▶ [Problem] Retype each line of the material exactly, please, skipping any picture in it.

▶ [Data below]
-- -- --
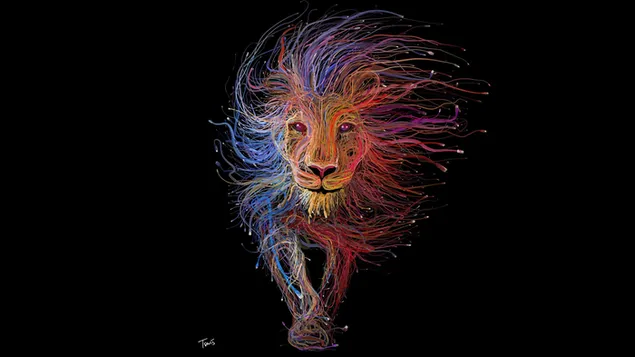 Ilustración de león multicolor rojo, azul y naranja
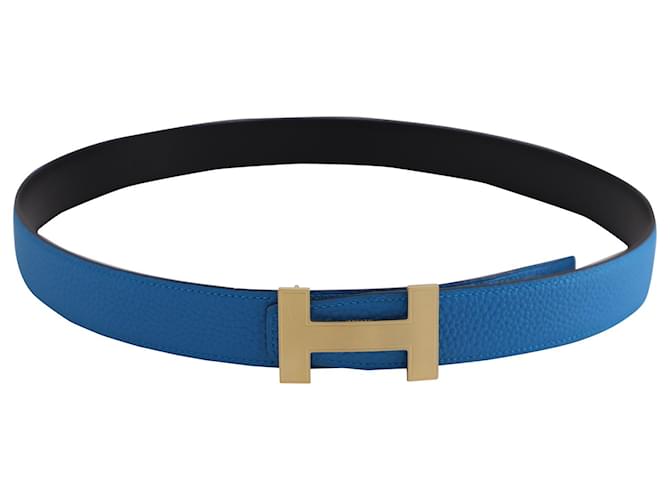 Hermès Cinturón reversible Hermes H Buckle en cuero azul/negro  ref.577950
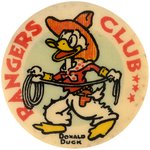 DONALD DUCK "RANGERS CLUB" RARE ENGLISH MOVIE THEATER CLUB MEMBER'S BUTTON.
-- -- --
▶ [Written answer]
 Ilustración de león multicolor rojo, azul y naranja
 Hermès Cinturón reversible Hermes H Buckle en cuero azul/negro  ref.577950
 DONALD DUCK "RANGERS CLUB" RARE ENGLISH MOVIE THEATER CLUB MEMBER'S BUTTON.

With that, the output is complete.